So what about the campaigns? Significantly, one example: the MoveOn internet campaign ran a Ceasefire Petition garnering 300,000 signatures in three days, demanding an immediate ceasefire, which it presented to the Security Council. They’re now mobilising their extensive internet resources to press for a return to peace negotiations between Israel and Palestine, an end to Occupation and a viable Palestinian state. A few years ago, I wrote to them asking them to work on the Israeli-Palestinian conflict and received a negative response. Now the time is right, and it’s become unavoidable.

Recently there was even a unanimous statement of the Irish government’s Joint Committee on Foreign Affairs, condemning civilian deaths, the damage done to civilian infrastructure in Lebanon on such a scale as to render over 750,000 people homeless, the attack on a UN outpost which killed four peacekeepers, and the slaughter at Qana. It also called for an immediate ceasefire.

Critically, that call recommended:

“That Ireland raise at the next meeting of the EU Council of Ministers the implementation of sanctions on Israel under the terms of Article II of the Euromed Trade Agreement on grounds of human rights abuses;"

"That consideration be given to taking legal action against Israel for compensation for its killing of UN personnel and the civilian population and destruction of facilities;"

It "condemned the seizure of water resources by Israel in the region and urged the UN to establish a permanent specialized team to control and ensure the fair distribution of all water resources."

The Irish further "called for a rejection of militarism and a sustained engagement by the European Union and the UN on a set of political proposals as would support the establishment of a viable contiguous Palestinian state, and would enable true security to be provided for Israel based on accepted borders and withdrawal from occupied territories;"

"For the Irish Government to advocate at EU and UN level the establishment of an internationally sponsored Peace Process, with a permanent secretariat, to bring together all sides including Israel and the United States for negotiations.”

One thinks, too, of past anti-war on Iraq street protests, huge waves of demonstrators reaching unprecedented numbers, but which failed to stop the Occupation of Iraq. Despite failing to leverage governments, who remained steadfastly deaf to their own civil society’s huge pressure, nonetheless those massive demonstrations underscored the claim that the war in Iraq was immoral, illegal under international law, unnecessary, denied all principles of democracy (proving the lie that the war was an attempt to introduce democracy to the Middle East) and – in Harold Pinter’s famous diatribe delivered when he received the Nobel Prize for Literature –

“was a bandit act, an act of blatant state terrorism, demonstrating absolute contempt for the concept of international law. The invasion was an arbitrary military action inspired by a series of lies upon lies and gross manipulation of the media and therefore of the public; an act intended to consolidate American military and economic control of the Middle East masquerading - as a last resort - all other justifications having failed to justify themselves - as liberation. A formidable assertion of military force responsible for the death and mutilation of thousands and thousands of innocent people.”

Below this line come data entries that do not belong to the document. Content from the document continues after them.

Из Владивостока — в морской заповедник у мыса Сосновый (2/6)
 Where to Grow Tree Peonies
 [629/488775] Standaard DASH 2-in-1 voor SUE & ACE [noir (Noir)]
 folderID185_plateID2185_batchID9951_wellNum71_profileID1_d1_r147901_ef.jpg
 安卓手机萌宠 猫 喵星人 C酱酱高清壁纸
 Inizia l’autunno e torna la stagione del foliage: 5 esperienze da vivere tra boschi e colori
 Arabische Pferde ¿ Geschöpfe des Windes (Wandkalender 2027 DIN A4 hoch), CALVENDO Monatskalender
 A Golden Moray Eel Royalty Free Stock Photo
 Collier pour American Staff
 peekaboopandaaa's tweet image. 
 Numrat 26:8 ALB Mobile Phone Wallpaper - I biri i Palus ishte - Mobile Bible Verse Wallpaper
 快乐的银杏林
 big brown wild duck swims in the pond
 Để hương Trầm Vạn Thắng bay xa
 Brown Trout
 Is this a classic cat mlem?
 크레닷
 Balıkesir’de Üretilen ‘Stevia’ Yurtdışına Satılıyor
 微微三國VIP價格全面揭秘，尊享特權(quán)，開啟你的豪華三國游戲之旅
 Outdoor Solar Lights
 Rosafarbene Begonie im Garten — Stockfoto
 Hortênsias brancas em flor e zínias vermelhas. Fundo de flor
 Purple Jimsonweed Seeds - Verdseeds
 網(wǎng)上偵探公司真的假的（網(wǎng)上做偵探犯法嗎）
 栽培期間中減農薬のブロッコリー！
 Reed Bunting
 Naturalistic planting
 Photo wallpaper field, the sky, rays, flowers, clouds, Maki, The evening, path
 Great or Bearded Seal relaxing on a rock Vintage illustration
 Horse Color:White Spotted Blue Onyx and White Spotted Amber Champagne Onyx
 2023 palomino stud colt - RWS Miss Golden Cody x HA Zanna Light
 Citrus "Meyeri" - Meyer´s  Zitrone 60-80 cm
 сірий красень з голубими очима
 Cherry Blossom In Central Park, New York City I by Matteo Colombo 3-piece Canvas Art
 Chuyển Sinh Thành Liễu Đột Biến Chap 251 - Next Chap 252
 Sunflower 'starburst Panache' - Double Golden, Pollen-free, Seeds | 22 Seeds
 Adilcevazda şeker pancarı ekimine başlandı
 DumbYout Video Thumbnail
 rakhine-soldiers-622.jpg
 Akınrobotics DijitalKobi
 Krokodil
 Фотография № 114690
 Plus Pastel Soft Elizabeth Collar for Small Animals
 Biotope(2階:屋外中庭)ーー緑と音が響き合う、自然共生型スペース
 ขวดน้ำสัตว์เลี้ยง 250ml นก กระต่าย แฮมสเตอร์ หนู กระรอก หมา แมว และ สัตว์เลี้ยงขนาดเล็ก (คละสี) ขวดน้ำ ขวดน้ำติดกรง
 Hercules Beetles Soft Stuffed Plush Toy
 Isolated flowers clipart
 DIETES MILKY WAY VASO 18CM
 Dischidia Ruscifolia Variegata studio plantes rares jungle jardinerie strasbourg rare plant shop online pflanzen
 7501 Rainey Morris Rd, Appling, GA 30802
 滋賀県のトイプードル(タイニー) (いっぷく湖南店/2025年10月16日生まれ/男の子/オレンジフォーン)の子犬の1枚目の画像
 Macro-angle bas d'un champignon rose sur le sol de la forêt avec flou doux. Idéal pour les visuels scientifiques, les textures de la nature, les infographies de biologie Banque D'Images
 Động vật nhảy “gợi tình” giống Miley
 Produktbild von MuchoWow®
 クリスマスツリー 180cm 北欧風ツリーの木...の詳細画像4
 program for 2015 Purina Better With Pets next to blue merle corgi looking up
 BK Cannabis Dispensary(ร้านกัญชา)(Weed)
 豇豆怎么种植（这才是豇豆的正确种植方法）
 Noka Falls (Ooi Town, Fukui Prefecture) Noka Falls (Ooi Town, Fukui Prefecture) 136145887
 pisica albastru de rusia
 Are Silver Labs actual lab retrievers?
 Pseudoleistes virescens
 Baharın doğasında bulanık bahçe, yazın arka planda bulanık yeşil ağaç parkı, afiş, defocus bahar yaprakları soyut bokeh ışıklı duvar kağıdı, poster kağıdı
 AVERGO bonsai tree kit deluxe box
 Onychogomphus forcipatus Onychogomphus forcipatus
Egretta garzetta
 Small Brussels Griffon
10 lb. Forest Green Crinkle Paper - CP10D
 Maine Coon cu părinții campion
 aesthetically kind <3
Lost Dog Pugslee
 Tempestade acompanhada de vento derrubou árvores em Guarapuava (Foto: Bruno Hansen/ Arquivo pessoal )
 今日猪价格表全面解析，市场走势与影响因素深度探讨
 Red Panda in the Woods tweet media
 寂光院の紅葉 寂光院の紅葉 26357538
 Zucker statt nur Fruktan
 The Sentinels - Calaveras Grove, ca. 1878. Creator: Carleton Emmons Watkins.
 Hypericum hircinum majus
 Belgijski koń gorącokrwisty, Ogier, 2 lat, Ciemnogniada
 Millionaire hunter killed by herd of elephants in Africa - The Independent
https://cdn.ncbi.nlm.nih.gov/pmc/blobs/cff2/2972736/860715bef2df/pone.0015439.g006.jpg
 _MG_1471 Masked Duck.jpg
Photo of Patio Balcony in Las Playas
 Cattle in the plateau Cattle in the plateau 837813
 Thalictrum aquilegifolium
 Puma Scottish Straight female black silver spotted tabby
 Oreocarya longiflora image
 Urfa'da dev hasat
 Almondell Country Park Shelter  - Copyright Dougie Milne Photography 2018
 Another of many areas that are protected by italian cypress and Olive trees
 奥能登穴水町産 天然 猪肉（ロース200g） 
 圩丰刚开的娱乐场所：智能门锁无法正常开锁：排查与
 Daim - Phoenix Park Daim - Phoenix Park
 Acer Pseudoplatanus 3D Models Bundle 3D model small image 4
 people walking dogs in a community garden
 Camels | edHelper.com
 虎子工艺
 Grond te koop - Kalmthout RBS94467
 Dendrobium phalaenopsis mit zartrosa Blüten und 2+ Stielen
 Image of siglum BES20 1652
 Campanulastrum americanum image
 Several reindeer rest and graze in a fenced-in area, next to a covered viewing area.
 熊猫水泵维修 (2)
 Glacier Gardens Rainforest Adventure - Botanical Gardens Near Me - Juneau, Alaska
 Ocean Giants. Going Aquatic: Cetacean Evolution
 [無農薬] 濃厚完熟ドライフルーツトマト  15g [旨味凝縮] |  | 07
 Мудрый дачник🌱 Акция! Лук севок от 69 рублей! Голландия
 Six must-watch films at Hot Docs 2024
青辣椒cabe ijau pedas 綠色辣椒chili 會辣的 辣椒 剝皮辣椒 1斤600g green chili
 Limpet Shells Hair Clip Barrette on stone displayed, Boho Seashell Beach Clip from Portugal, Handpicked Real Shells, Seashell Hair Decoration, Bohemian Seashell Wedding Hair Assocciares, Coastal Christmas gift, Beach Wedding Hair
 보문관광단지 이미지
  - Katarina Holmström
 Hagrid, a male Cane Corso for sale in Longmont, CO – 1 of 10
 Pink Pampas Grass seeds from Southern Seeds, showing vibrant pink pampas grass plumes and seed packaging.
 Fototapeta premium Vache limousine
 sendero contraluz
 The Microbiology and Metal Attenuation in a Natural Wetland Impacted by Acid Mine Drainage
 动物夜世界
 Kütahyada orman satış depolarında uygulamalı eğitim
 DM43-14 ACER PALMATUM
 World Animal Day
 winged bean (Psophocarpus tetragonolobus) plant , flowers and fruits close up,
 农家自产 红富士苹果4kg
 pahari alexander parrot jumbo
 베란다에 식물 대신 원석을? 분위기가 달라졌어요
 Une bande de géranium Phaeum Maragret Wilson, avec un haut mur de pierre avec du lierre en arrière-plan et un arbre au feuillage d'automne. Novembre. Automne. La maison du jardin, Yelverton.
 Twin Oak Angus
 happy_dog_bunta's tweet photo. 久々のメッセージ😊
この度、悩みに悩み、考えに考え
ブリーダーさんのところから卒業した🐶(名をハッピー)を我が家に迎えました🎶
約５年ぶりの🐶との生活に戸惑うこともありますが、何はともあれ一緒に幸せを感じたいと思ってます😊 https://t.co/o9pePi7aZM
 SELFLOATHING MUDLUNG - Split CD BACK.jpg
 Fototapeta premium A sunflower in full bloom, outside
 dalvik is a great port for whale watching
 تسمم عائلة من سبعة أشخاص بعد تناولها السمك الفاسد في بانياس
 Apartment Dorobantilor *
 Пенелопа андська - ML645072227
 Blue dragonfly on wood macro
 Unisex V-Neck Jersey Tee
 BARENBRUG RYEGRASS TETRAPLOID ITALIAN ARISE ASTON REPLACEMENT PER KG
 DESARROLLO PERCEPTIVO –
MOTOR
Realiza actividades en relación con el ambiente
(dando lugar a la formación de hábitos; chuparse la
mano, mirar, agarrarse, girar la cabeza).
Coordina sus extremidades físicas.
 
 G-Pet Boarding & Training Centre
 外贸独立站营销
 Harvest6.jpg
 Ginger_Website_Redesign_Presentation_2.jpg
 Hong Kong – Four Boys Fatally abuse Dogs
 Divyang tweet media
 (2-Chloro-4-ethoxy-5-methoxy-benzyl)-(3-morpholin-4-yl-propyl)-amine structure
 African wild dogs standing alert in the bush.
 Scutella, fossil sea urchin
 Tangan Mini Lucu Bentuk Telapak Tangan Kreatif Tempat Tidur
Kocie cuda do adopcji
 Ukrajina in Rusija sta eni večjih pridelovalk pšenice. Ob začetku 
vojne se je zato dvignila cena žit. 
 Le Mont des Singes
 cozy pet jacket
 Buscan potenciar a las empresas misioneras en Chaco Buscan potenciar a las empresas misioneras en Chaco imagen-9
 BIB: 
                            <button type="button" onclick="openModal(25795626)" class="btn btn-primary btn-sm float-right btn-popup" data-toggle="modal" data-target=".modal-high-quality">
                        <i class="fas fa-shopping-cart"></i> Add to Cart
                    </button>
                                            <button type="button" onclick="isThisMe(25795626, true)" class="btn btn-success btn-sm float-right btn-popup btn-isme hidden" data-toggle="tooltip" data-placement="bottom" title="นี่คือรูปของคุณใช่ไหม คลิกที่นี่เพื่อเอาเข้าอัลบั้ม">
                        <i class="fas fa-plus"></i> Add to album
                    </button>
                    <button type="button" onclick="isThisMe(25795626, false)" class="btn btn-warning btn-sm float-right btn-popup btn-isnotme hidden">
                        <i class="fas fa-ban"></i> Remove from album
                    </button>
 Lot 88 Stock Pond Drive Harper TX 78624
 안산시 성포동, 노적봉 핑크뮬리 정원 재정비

Post-9/11, campaigning has become – at least in the short-term – increasingly frustrating because even when civil society is in uproar, as recently when watching the conflict in Lebanon and Israel on its TV screens or reading personal testimony by articulate Lebanese bloggers, world governments stood by for too long and allowed it to happen. A BBC journalist covering Gaza said to me, in despair, that he couldn’t understand why the world was allowing it all to happen. Certainly there are many times when we campaigners ask ourselves why don’t people care about Palestine? Is it that they don’t value human rights? Or international law? Real democracy? Freedom? Maybe life itself? Here in Geneva, the birthplace after the 2nd World War of the Geneva Convention and home of the Intnl. Committee of the Red Cross, we hope for recognition by the Swiss that the benchmarks must be reclaimed and the standards regained, so that they have value at all.

Yet, as I said, from around the world, we now hear increasingly in this post-War period of boycotts, divestment actions and even talk of international sanctions, as part of a movement towards peacekeeping and peacemaking, increasingly centred on Europe and the UN.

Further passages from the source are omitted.